_TRY IT_
Give back exactly the stretch of data below from the line holding "Hallway with marble" through the line holding "a buddha statue", both ends included, and leave the remaining lines out.
►
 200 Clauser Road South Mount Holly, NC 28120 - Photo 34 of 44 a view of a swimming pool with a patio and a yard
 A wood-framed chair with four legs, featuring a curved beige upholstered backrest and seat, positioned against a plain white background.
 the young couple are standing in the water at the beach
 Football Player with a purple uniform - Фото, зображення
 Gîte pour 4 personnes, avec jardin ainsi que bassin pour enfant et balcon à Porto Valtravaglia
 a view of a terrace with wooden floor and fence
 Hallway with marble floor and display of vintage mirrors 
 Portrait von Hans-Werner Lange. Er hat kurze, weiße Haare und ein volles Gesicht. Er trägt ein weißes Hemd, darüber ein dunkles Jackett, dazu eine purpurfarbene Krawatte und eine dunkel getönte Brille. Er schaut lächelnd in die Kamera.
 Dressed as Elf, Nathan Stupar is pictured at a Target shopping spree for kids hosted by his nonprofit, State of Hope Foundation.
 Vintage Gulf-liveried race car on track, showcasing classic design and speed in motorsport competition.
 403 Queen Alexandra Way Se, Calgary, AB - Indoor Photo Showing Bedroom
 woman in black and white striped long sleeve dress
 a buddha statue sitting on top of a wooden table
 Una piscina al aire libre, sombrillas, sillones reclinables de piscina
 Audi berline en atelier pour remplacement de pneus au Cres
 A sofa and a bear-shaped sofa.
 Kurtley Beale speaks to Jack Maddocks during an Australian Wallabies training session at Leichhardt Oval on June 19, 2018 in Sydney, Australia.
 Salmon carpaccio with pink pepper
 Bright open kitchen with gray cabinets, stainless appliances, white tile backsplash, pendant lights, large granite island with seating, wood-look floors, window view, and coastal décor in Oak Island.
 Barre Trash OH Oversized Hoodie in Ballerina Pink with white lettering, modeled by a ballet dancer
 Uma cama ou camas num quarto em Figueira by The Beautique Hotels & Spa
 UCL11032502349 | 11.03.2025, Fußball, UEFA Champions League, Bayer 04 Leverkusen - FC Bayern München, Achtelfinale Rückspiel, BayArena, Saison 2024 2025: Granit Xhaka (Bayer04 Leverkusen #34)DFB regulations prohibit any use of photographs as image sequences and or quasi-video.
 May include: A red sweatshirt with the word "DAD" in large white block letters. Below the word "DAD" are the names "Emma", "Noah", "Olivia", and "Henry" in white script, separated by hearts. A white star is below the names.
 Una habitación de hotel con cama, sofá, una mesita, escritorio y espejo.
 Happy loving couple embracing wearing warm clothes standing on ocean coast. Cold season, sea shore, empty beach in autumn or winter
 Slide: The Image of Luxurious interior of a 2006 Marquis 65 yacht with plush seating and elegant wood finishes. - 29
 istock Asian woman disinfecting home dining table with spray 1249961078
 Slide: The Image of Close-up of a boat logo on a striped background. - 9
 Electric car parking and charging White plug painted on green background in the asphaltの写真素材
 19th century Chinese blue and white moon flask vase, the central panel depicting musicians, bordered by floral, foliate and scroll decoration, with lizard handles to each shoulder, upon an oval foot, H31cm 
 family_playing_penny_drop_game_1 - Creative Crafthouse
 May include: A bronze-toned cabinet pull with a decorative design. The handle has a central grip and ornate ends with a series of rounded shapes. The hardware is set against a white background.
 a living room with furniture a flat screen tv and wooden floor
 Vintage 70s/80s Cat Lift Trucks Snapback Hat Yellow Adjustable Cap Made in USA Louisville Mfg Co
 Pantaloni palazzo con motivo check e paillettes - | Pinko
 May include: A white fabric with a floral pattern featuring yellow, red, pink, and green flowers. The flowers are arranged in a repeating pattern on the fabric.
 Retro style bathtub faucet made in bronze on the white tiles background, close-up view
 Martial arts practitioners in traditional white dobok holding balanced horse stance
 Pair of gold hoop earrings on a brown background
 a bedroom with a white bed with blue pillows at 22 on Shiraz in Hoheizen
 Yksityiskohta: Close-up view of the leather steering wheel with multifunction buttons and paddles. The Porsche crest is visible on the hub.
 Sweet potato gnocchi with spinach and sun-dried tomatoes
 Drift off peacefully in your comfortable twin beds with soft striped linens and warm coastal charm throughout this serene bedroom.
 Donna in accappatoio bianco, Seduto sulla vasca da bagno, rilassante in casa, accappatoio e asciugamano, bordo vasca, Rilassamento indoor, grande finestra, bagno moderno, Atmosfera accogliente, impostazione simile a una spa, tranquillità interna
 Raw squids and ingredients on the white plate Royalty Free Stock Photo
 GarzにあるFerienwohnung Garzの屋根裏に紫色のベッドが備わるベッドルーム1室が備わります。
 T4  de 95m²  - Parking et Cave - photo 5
◄
_EXERCISE ANSWER_
 Hallway with marble floor and display of vintage mirrors 
 Portrait von Hans-Werner Lange. Er hat kurze, weiße Haare und ein volles Gesicht. Er trägt ein weißes Hemd, darüber ein dunkles Jackett, dazu eine purpurfarbene Krawatte und eine dunkel getönte Brille. Er schaut lächelnd in die Kamera.
 Dressed as Elf, Nathan Stupar is pictured at a Target shopping spree for kids hosted by his nonprofit, State of Hope Foundation.
 Vintage Gulf-liveried race car on track, showcasing classic design and speed in motorsport competition.
 403 Queen Alexandra Way Se, Calgary, AB - Indoor Photo Showing Bedroom
 woman in black and white striped long sleeve dress
 a buddha statue sitting on top of a wooden table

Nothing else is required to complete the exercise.